Trafficked women speak into the silence
Voice of Freedom supports African women who have escaped trafficking in the Sudan and Sinai as they speak about their lives through photography and text. The goal of the project is to make space for the women to speak, on whatever subject and from whatever perspective they choose. The photographs you see here are the work of a group of women living at the Ma’agan Safe House in Israel, where the Voice of Freedom workshops took place this October 2013, supported by a team from PhotoVoice.
The Safe House shelters survivors of human trafficking – most have escaped the Sinai torture camps, in northern Egypt. These camps are the ultimate destination of those who have been trafficked from Ethiopia and Eritrea through Sudan, being ‘bought’ and ‘sold’ many times along the way.
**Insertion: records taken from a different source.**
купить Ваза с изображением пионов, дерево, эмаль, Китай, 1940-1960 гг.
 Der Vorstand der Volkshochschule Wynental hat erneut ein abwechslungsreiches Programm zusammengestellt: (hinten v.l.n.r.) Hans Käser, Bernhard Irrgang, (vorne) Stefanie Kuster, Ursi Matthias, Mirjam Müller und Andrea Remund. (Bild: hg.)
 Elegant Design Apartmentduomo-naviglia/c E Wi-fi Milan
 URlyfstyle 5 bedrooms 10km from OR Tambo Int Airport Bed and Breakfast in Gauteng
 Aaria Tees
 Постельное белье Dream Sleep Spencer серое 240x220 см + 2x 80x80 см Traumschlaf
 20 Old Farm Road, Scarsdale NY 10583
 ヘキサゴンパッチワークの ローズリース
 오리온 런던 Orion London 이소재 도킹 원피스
The women are subjected to rape and torture, released only after their families or the international community pay ransom money to those who hold them captive. They are freed by the Egyptian border with Israel, which they cross, finding eventual refuge in the Safe House.
DESTA GETANEH
Photo: Desta Getaneh
It’s no use for people to be given a lot of money once they’re in danger and in trouble. Those people who can help others, they should do it when the help can actually save them. It doesn’t mean anything when people send money for coffins.
Refugees who pass through this experience are really different – although we are human beings and we have our bodies on us after the experience, the people who pass through the process are really new. They have a different personality, though they look the same.
Photo: Desta Getaneh
This is exactly the type of truck that we were travelling in after we were sold, going into Sudan. We didn’t see the capital in Sudan, but in Egypt, in Cairo, we saw that we had arrived because we saw the sign.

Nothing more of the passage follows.